Pelo que sei, nenhuma providência foi adotada.

O problema também é que, segundo a Constituição do Estado do Ceará, tais órgãos não possuem legitimidade para propor Ação Direta de Inconstitucionalidade em face de lei municipal. Essa previsão só existe para o prefeito, a Mesa da Câmara ou entidade de classe e organização sindical do respectivo município.

Ora, e quem é que vai querer se indispor com uma significativa parcela de eleitores, representada por milhares de servidores municipais de Fortaleza, notadamente em ano que antecede as eleições?

Enquanto isso, quem está pagando essa conta é a maioria da população do município de Fortaleza.

É preciso fazer algo para extirpar do ordenamento jurídico as normas que concedem isenção a servidor do município de Fortaleza pelos simples fato de deter esta condição (de servidor municipal), eis que vão de encontro ao conteúdo constitucional, quebrando a coesão do ordenamento jurídico vigente e promovendo desigualdades ilegítimas dentro da sociedade.

Fica aqui o pedido.

Carlos André Studart Pereira é procurador federal em Mossoró (RN).

Fonte: Revista Consultor Jurídico

COMENTÁRIO DE OMAR AUGUSTO LEITE MELO: apenas para ratificar ainda mais as palavras do Dr.
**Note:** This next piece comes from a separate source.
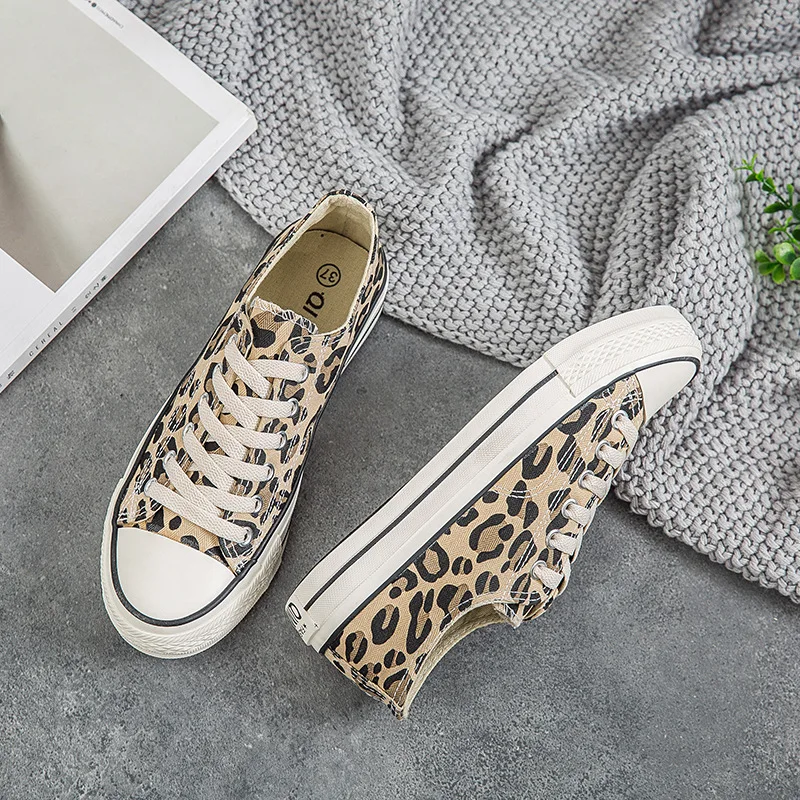 Кеды женские с перекрестным швом плоская Вулканизированная подошва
Carlos André Studart Pereira acerca da gritante inconstitucionalidade dessa lei municipal de Fortaleza/CE, eu ainda acrescentaria a afronta ao artigo 151, inciso II, da Constituição Federal, ou seja, “é vedado à União tributar a renda das obrigações da dívida pública dos Estados, do Distrito Federal e dos Municípios, bem como a remuneração e os proventos dos respectivos agentes públicos, em níveis superiores aos que fixar para suas obrigações e para seus agentes”. “Mutatis mutandis”, creio que tal dispositivo também serve para aniquilar essa isenção municipal.